Virginia Republican Sens. Paul S. Trible and John W. Warner voted for the automatic deficit reduction measure, saying that the deficit was the nation's number one problem. Both said that Congress must do something dramatic to get federal spending under control.
But Parris and Wolf said Congress was abdicating its responsibility to set spending priorities. They also feared that the measure might be devastating to federal employes, who could face massive layoffs and have numerous benefits frozen.
Both Trible and Warner supported legislation limiting textile and shoe imports, despite strong opposition from President Reagan, who vetoed the bill. Parris also voted for the trade bill limiting textile and shoe imports, while Wolf voted against the import limits.
Textile and shoe companies in Virginia, like those throughout the nation, complained bitterly last year that they were unable to compete against cheap imports. Some shoe and textile companies in southern and western Virginia had laid off workers, cut pay, or closed down factories because of imports.
Congress finally passed a massive farm bill last month, which Reagan reluctantly signed. Warner voted against the conference report on the farm bill, while Parris and Wolf voted for it. Trible did not vote on the farm bill conference report, although in November he voted for the Senate version of the farm bill.
Warner said he opposed the measure because most Virginia farmers want the federal government to eliminate price support programs and move toward a market-oriented farm system. He said that farmers would benefit most from low interest rates, and that costly federal programs like the farm bill will only increase the deficit.

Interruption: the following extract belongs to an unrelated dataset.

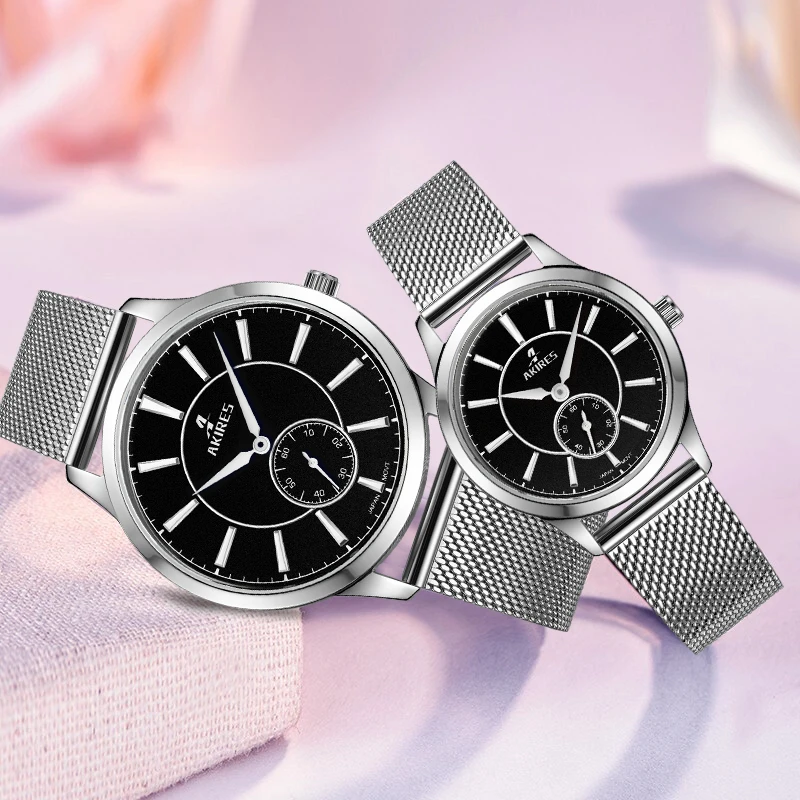 Factory Direct Sale Small Seconds 50M Waterproof Stainless Steel Watch Quartz Luxury Couple Wristwatches for Men Women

Warner, Trible, Parris and Wolf voted to continue the "superfund" hazardous waste cleanup program. Parris and Wolf opposed a new broad-based tax on manufacturers to fund the program, and voted with those who wanted to keep the burden on oil and chemical companies.
The Democratic-controlled House approved an amendment to continue focusing the tax burden on the petrochemical industry, while the Republican-controlled Senate voted instead for a general business tax. The House and Senate were not able to work out differences before adjournment.
Earlier in the year, Parris and Wolf both opposed GOP budget plans. Wolf said he was opposed to the proposed freeze in Social Security and government pensions, and efforts to freeze promotions for federal workers. Parris objected to proposed cuts in Amtrak and mass transit. Both Trible and Warner advocated an across-the-board freeze.